Get to the FLOPper.
Arnold Schwarzenegger's Sabotage opened to a terrible $5.2 million, making it (adjusted for inflation) the biggest box office bomb of his four-decade movie career.
In 2014, the man who was once one of the biggest movie stars in the world can no longer open a movie. More people saw I, Frankenstein, Vampire Academy, The Legend of Hercules, Tyler Perry's Single Mom's Club, Devil's Due and Winter's Tale than Sabotage on their first weekends.
Arnold has been everywhere the last month. He went on the talk show circuit and Jimmy Fallon blessed him with a viral video. He went on Monday Night Raw and posed in a ring with Hulk Hogan. He cooked a goddamn steak and egg sandwich on Epic Meal Time. If the average movie ticket is $8.35, 622,754 American people went and saw Sabotage last weekend. Two weeks ago, a video of him crushing things with a tank (for a good cause) got nine million views.

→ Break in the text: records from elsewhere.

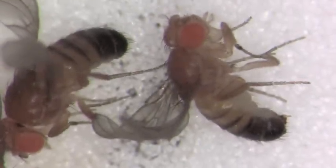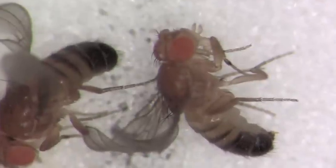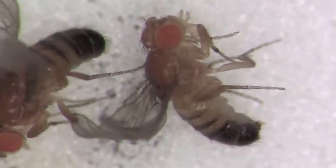You can also see the sex combs on the front pair of legs of the male in this shot.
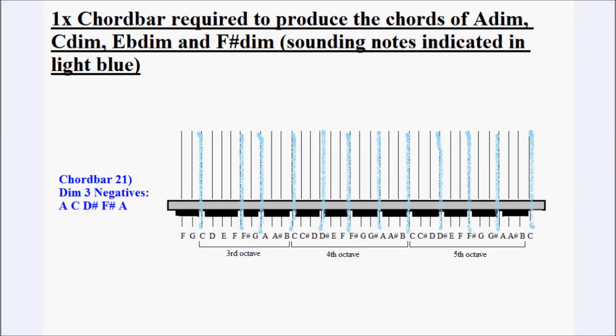Before explaining which notes need to be cut out on which chord bar, I'd like to explain how the dampening patterns can be used to produce 60 different harmonies. This first diagram shows a chord bar from one of the diminished third chord bars. For the diminished thirds, it's just one chord bar per chord sound — like a conventional chord bar. This is the chord bar for A minor diminished third, and it lets through the notes of C, E flat, F sharp, and A. Because those are the same sounds as the diminished thirds of C minor, E flat minor, and F minor, this chord button also plays the diminished third for those keys.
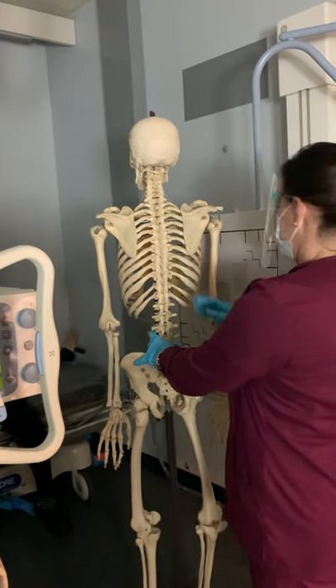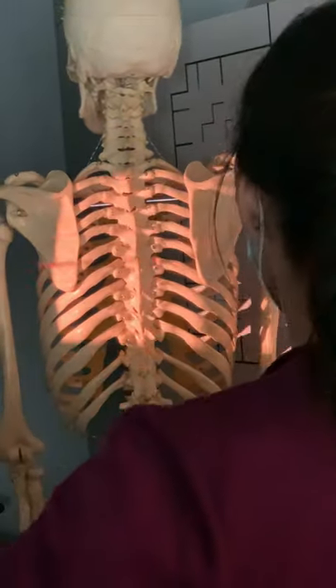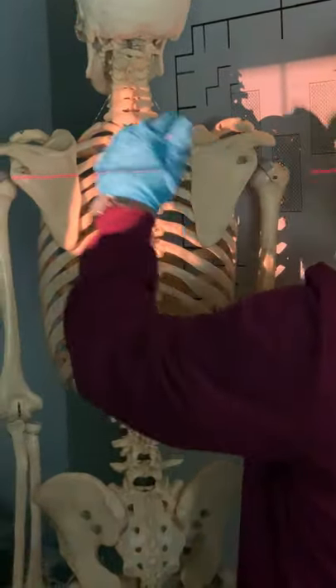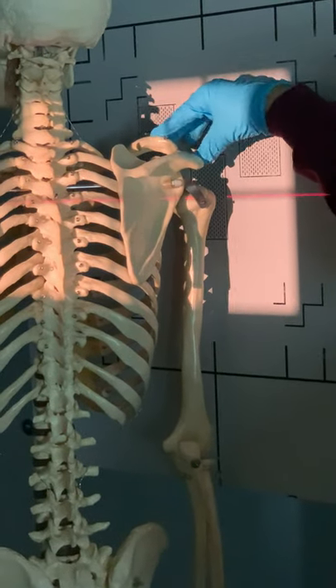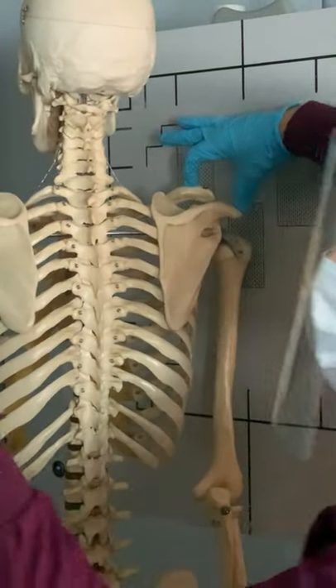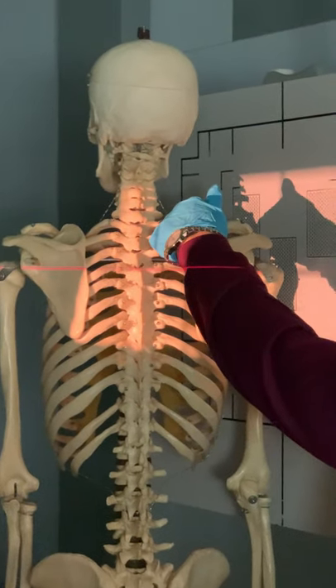I'm turning my patient so the scapula is going to be nice and lateral. It may not be exact, but it's good for you to see that the scapula is truly lateral. What I'm trying to do is take an image where the scapula is lateral, with my central ray coming through pretty much the AC joint. You're going to feel the acromion, feel the end of the clavicle, and use your hand — this line should be coming straight through it. If you stand straight in front, you'll see that the longitudinal line is coming through your hand.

$5.2 million in three days. His buddy cop comedy Red Heat with Jim Belushi made $8 million in three days in 1988. Sabotage is an ensemble film with a generic title, but perhaps now in hindsight, was unwisely marketed as an Arnold standalone project. Sam Worthington, despite being the lead the top grossing film of all-time, Avatar, was barely mentioned and is barely recognizable. It probably didn't help that it opened opposite Noah, but are meathead action fans really into the bible to skip Arnold in a movie where he has neck tattoos?
Despite its 22 percent rating on Rotten Tomatoes, I dug Sabotage. I love the work of writer/director David Ayer and his conviction to commit to cop flicks on the big screen when, odds are, there is an episode of Law & Order playing for free on TV right now. Here, he actually gives Arnold some room to... act. Despite being decked in a crew cut, bulletproof vest and machine gun, he shares some decent scenes with Rushmore's Olivia Williams where, for a fleeting moment, that thick accent and pump-you-up caricature disappears.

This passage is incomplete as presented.